Image-caption web data
>>>
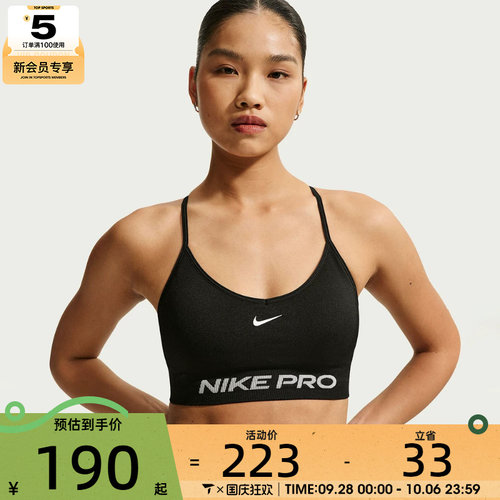 NIKE耐克女子运动健身BRA内衣IV1470-011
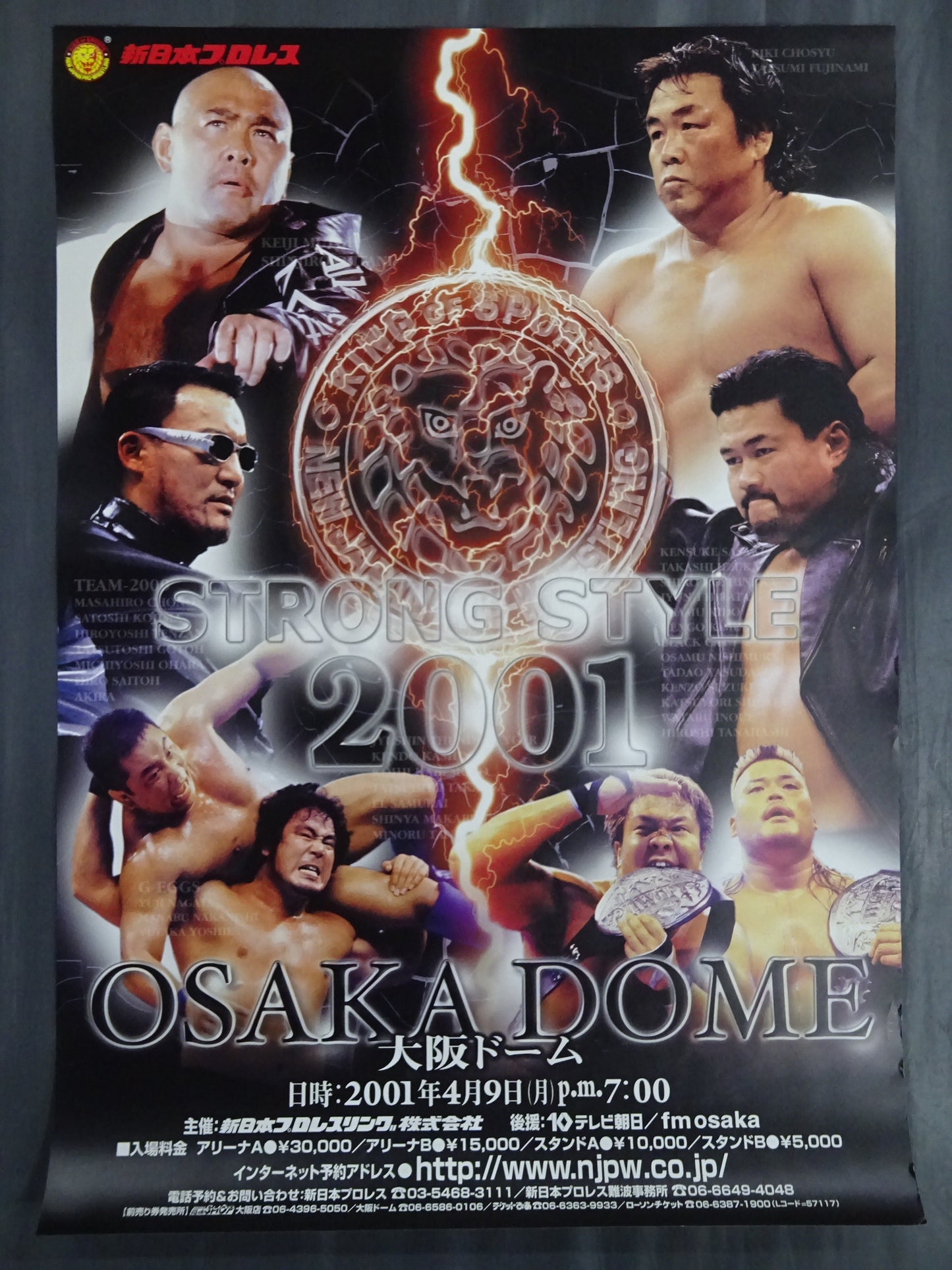 STRONG STYLE 2001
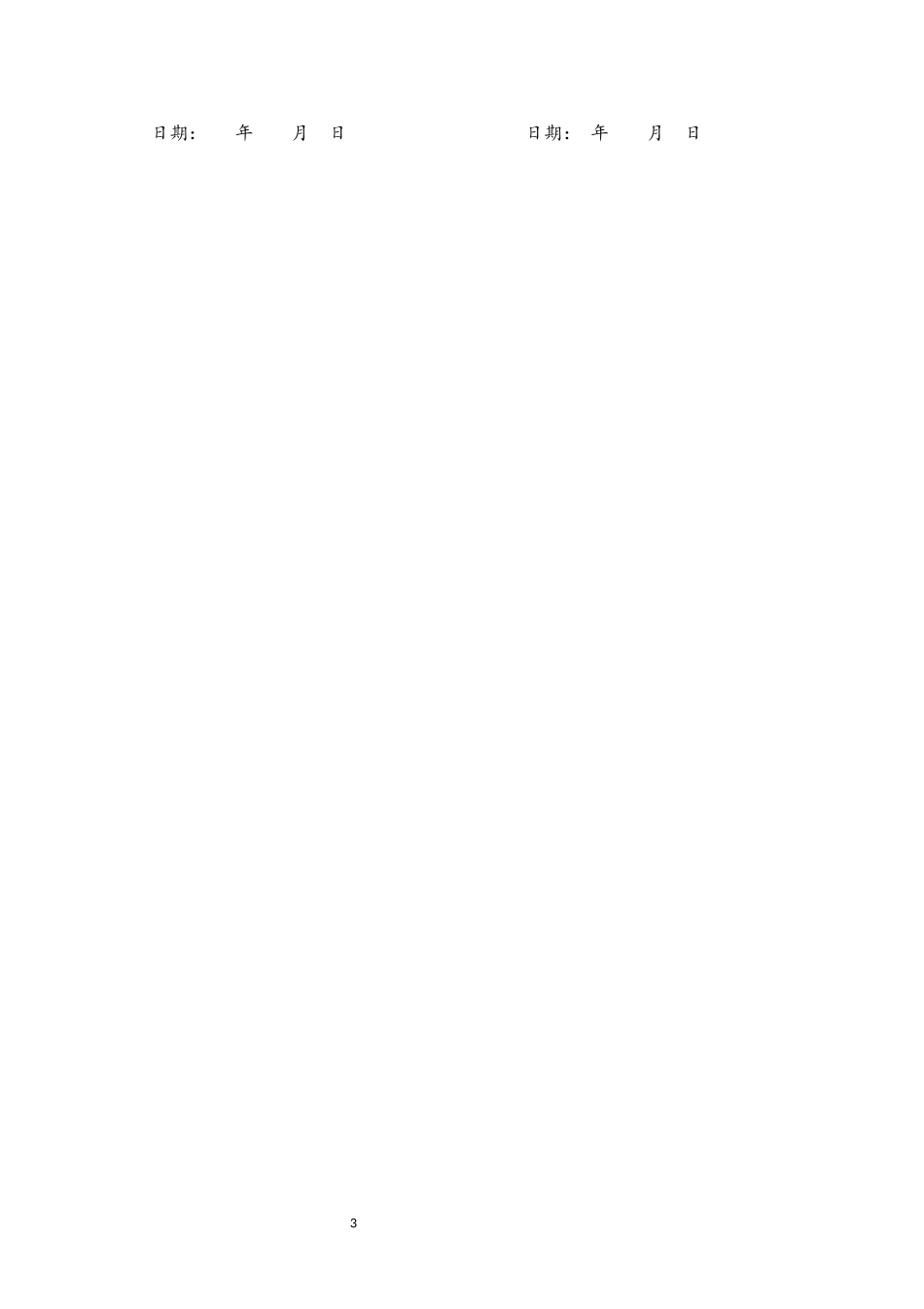 车辆挂靠协议范本_第3页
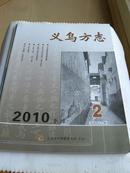 义乌方志2010，2期季刊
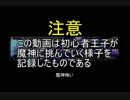 【千年戦争アイギス】巻き込まれ魔神【実況】魔神グラシャラボラス降臨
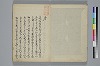 也哉抄 002/042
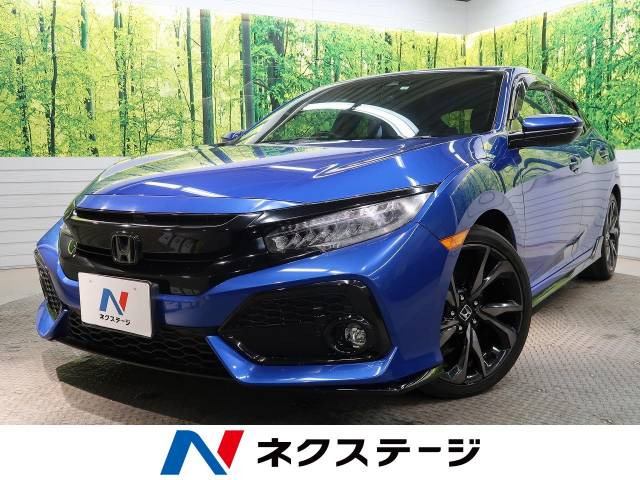 ホンダ シビック 
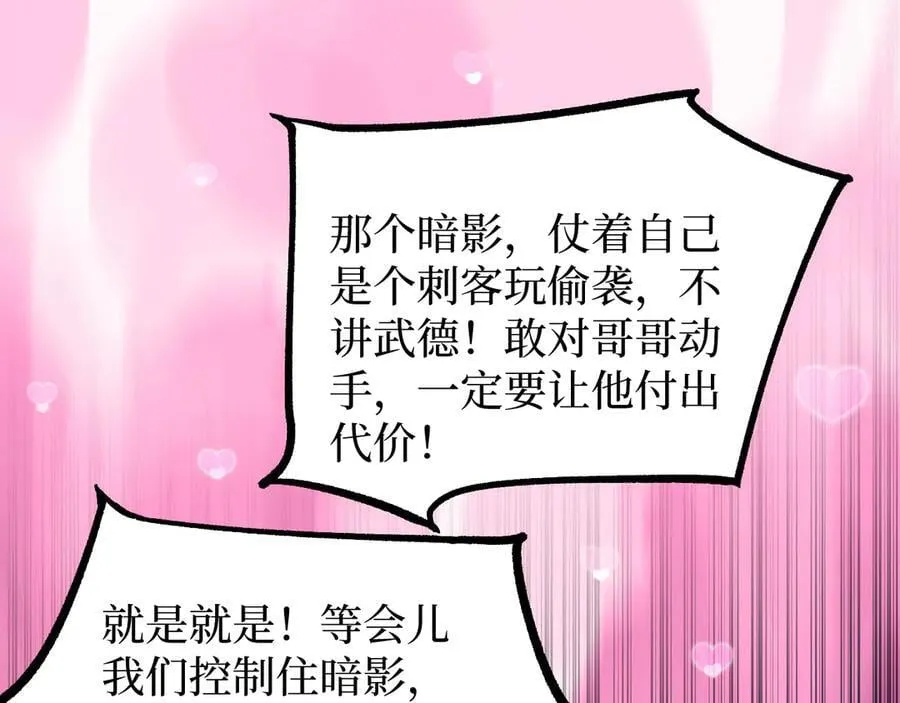 第14话 复仇79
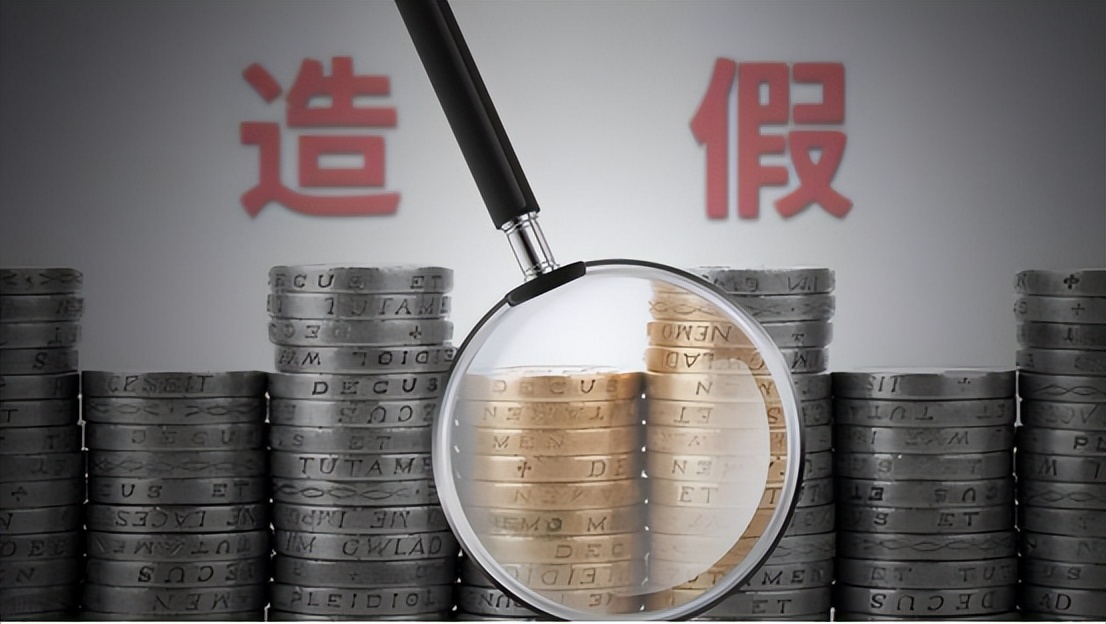 身份证尾号“Ⅹ”不读“叉”，也不读“埃克斯”，正确读法是什么.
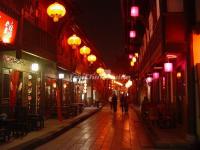 Chengdu Jinli Ancient Street at Night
<<<
**Prompt**
Repeat exactly the lines from the one containing "义乌方志2010，2期季刊" through the last line of the records above, both included, and leave out the pictures.

**Expected answer**
 义乌方志2010，2期季刊
 【千年戦争アイギス】巻き込まれ魔神【実況】魔神グラシャラボラス降臨
 也哉抄 002/042
 ホンダ シビック 
 第14话 复仇79
 身份证尾号“Ⅹ”不读“叉”，也不读“埃克斯”，正确读法是什么.
 Chengdu Jinli Ancient Street at Night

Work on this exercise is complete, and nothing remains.